Dans sa forme comme dans son fond, Bodkin s’inscrit directement dans la lignée d’Only Murders in the Building. Peut-être trop ? Les personnages principaux de Bodkin – Dove (une journaliste irlandaise acerbe et moralisatrice (Siobhán Cullen) qui doit, pour des raisons sombres, quitter un temps sa réalité londonienne) et le duo de podcasteurs amateurs Gilbert (Will Forte) et Emmy (Robyn Cara) dont l’humanité et le positivisme cachent aussi une part obscure – reprennent à l’identique le modèle du trio d’enquêteurs et sa dynamique relationnelle d’amour-haine.

Bande-annonce de la série Only Murders in the Building.

On retrouve aussi la forme du récit d’apprentissage qui fait évoluer ses personnages au contact les uns des autres. Le choix de l’environnement dans lequel prennent place nos deux histoires n’est pas non plus anodin. Les aventures de ces escouades capricieuses ont beau s’inscrire dans des décors très différents, on peut dire qu’elles en tirent des éléments vraiment structurants pour le déroulé de l’histoire. L’imagerie luxueuse, le casting cinq étoiles et les faux-semblants pour Only Murders in the Building. Le fantastique, les légendes et les rumeurs de village dans Bodkin.

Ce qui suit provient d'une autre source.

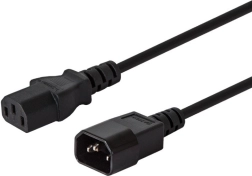Arvuti pikenduskaabel IEC 1,2 m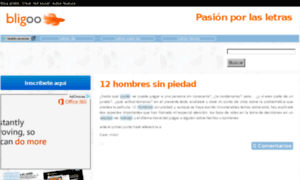 Pasionporlasletras.bligoo.com.pe thumbnail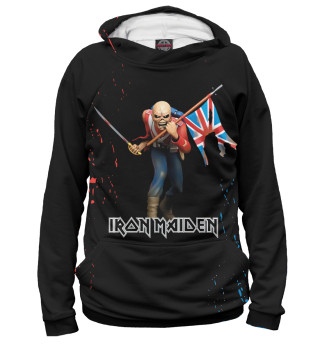 Мужское худи Iron Maiden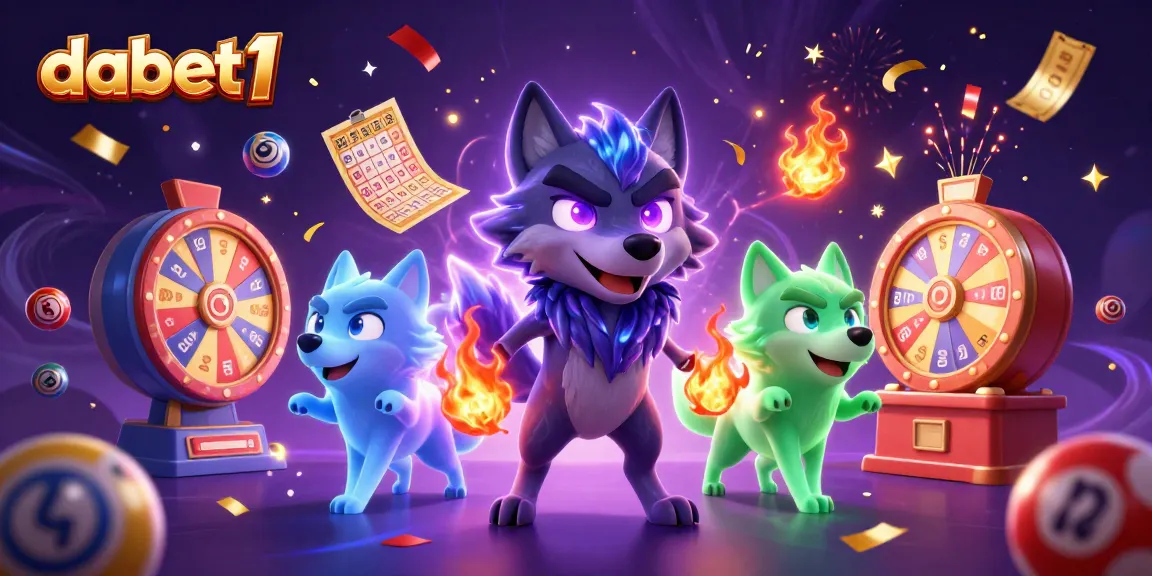 Engage in fun with dabet1 featuring colorful lottery dynamics and magical wolf spirits.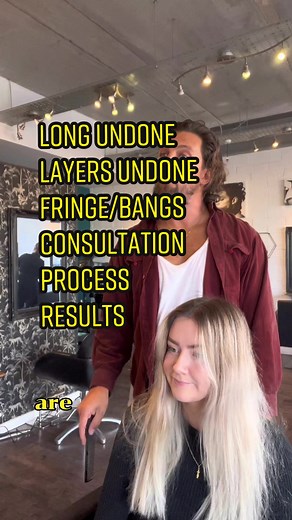 Long Undone Layers with Bangs: A Hair Consultation Guide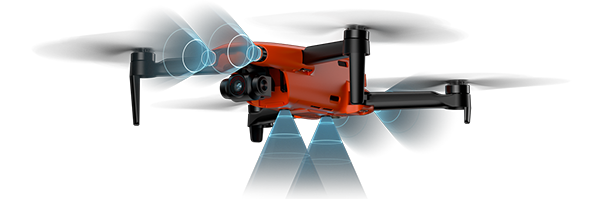 Autel Evo Nano Classic Orange Standard Edition Drone UAS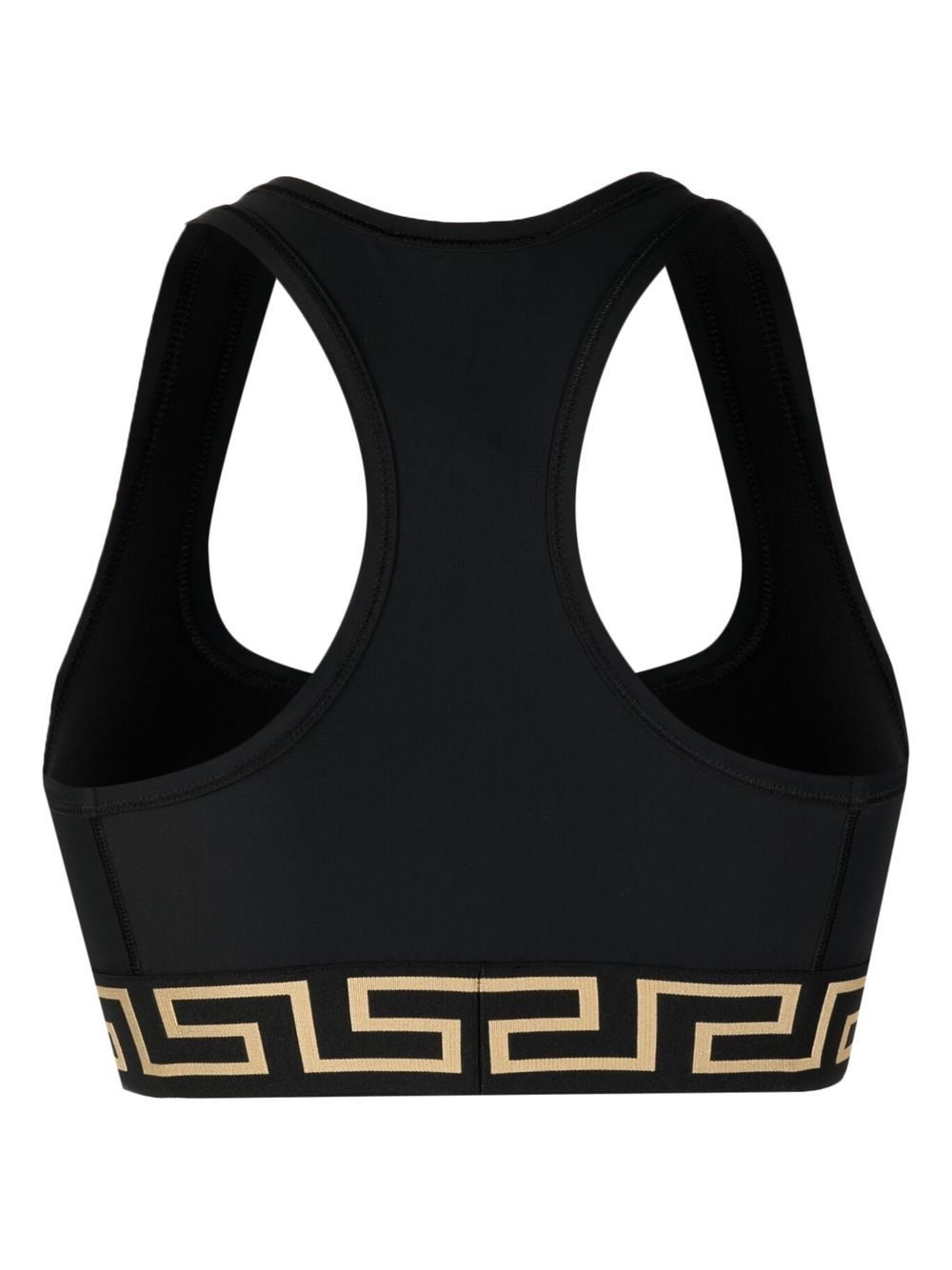 Versace VERSACE- Greca Border Bra Top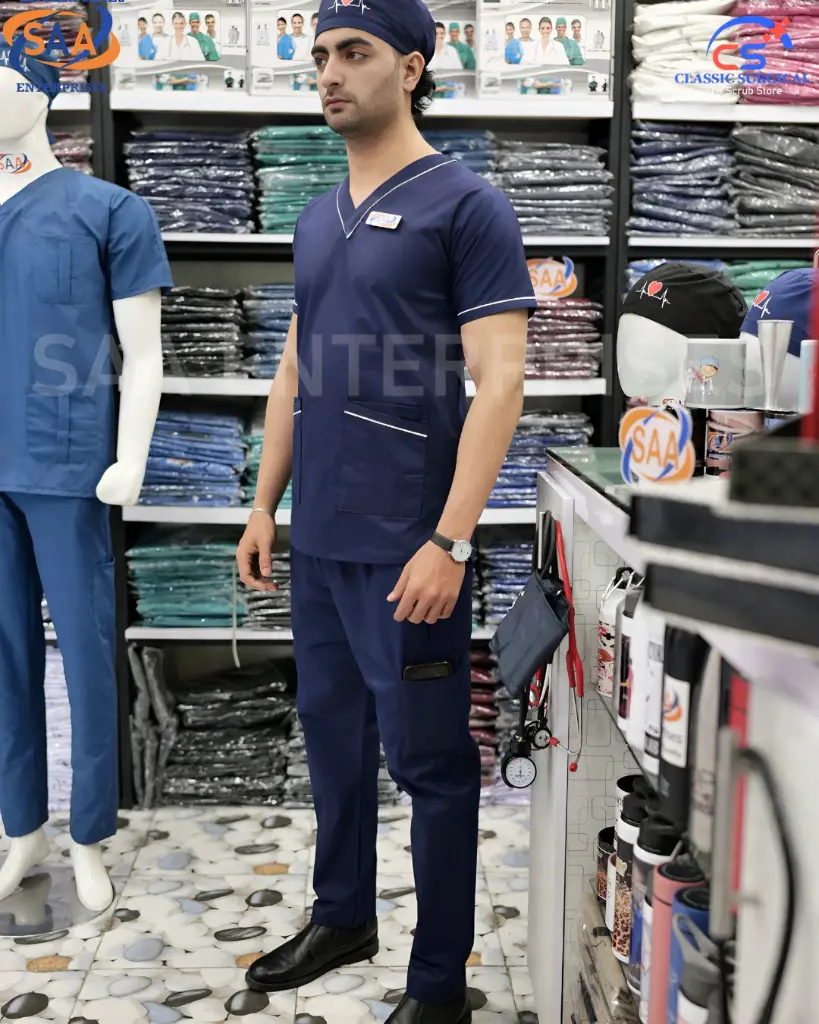 Galaxy navy blue scrub 4.webp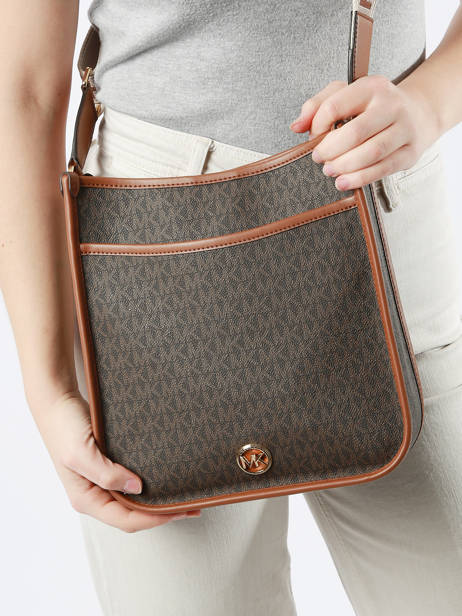 Sac Bandoulière Luisa Michael kors Marron luisa R4G99M3V vue secondaire 1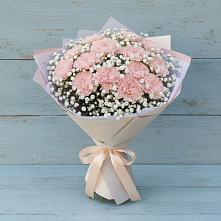 Букет цветов из:  Гвоздики в Яреге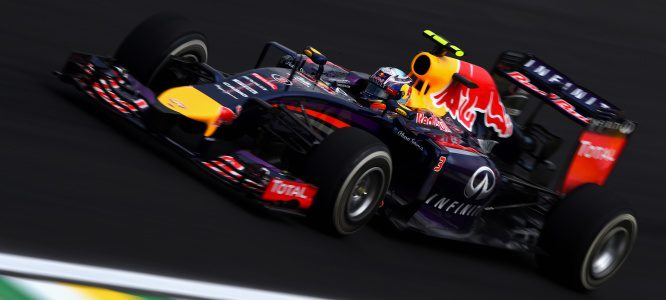 Daniel Ricciardo: "Si llueve, la primera fila de la parrilla es posible"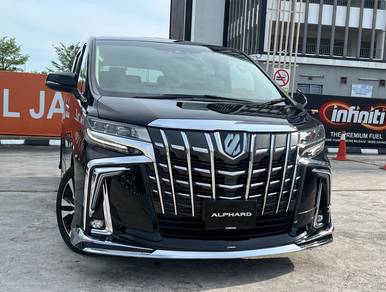 Toyota Alphard SC in Perai, PNG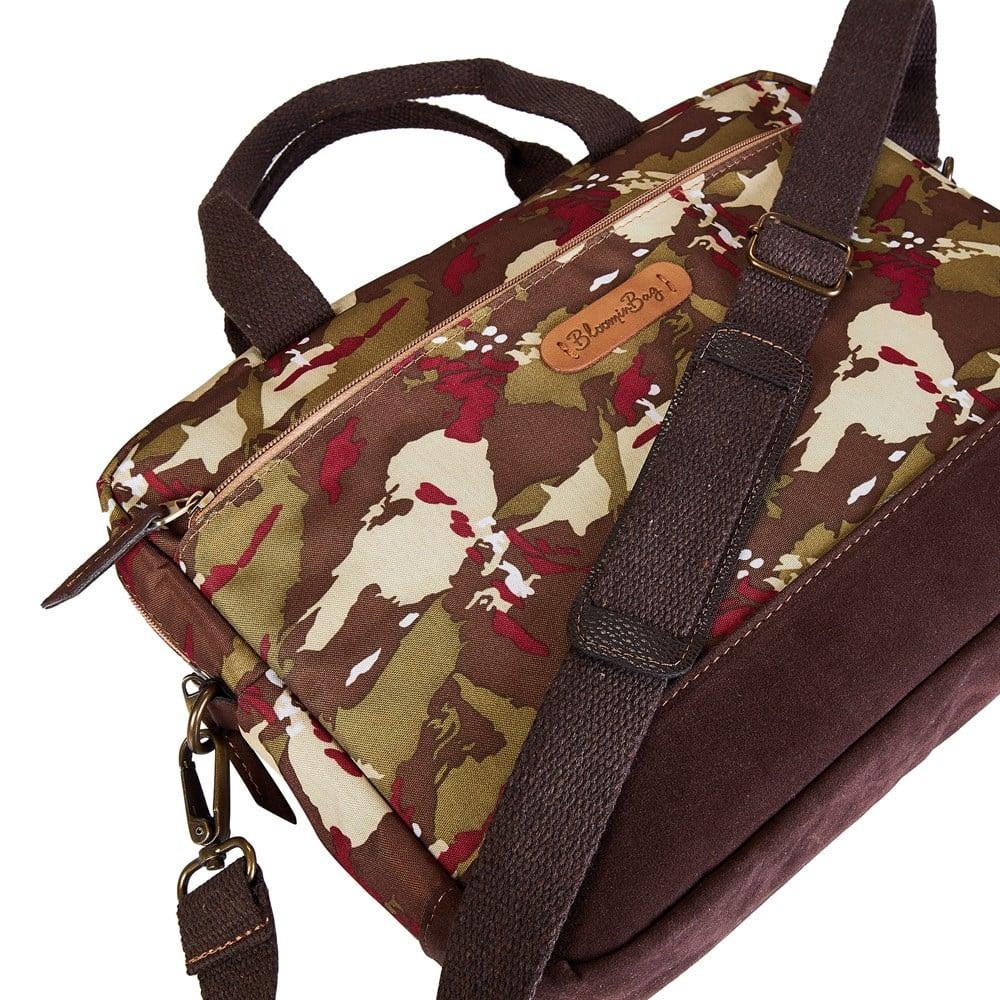 Beany Camo Camouflage 13-14 Inch Laptop / MacBook Bag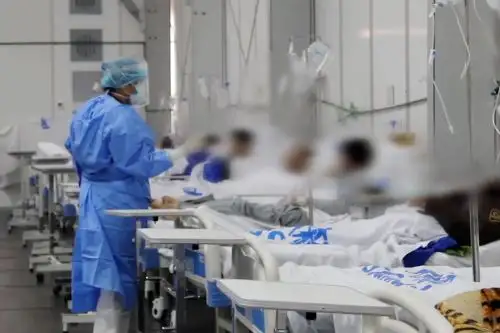 El incremento se debería a un mayor número de pruebas para la detección del covid-19 y al incumplimiento de las medidas de bioseguridad por parte de los afectados. Foto: ANDINA/EsSalud.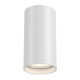 Focus S Deckenstrahler Mini in elegantem, cylindrischen Design, ideal für moderne Innenräume.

Du point de vue de l’intrigue, les deux shows offrent des propositions intéressantes, des rebondissements étonnants, des moments de plaisir certains, mais rien de bien marquant. Au point que les mystères proposés, qui sont dans les deux cas de faux faits divers, sont finalement assez secondaires par rapport à l’attachement que l’on peut ressentir pour les personnages. À première vue, Bodkin ressemble beaucoup à Only Murders in the Building. Cependant, il y a un élément central sur lequel la série Disney est bien plus originale : l’exploitation narrative et formelle du médium.

©Netflix

Fans, concurrence, impact sur l’intrigue… Le podcast trouve une vraie place dans les événements qui nous y sont décrits. En revanche, le médium d’enregistrement se fait artifice et n’apporte pas de réelle plus-value à l’enquête dans le paysage sauvage de l’Irlande. Le show signé Netflix souffre donc de la comparaison avec celui de Selena et de sa bande, plus abouti. Pour autant, et malgré ces imperfections, Bodkin semble s’inscrire dans une tendance qui n’est pas près de se tarir, au vu de sa production simple et efficace.

Un contenu calibré

En plus d’être le nom de la série, le terme Bodkin est littéralement associé à un type de flèches jugées « performantes et faciles à produire ». Un bon résumé de ces séries true crime qui, comme les polars de gare standardisés, sont quasi sûres de faire mouche. Search Party, Bored to Death, HPI… On pourrait passer une journée entière à les lister, tant ces shows sont nombreux.

Ces produits d’appels sont pourtant aussi sexy que simples à produire pour les plateformes : ils reposent globalement sur une recette équilibrée à laquelle il suffit de donner le petit twist qui donnera l’illusion de l’innovation. 

©Netflix

Parce qu’elles sont à notre image, mettant en scène des gens lambdas, souvent plongés dans un environnement ennuyeux, qui se fantasment détectives. Parce qu’elles sont pleines de rebondissements et de surprises. Parce qu’elles sont bourrées d’humour noir, de drames, de sentiments humains, qu’elles nous touchent. Et parce qu’on a souvent besoin de ces contenus pour se décrasser de journées parfois harassantes, Bodkin & co. ont un avenir radieux devant elles.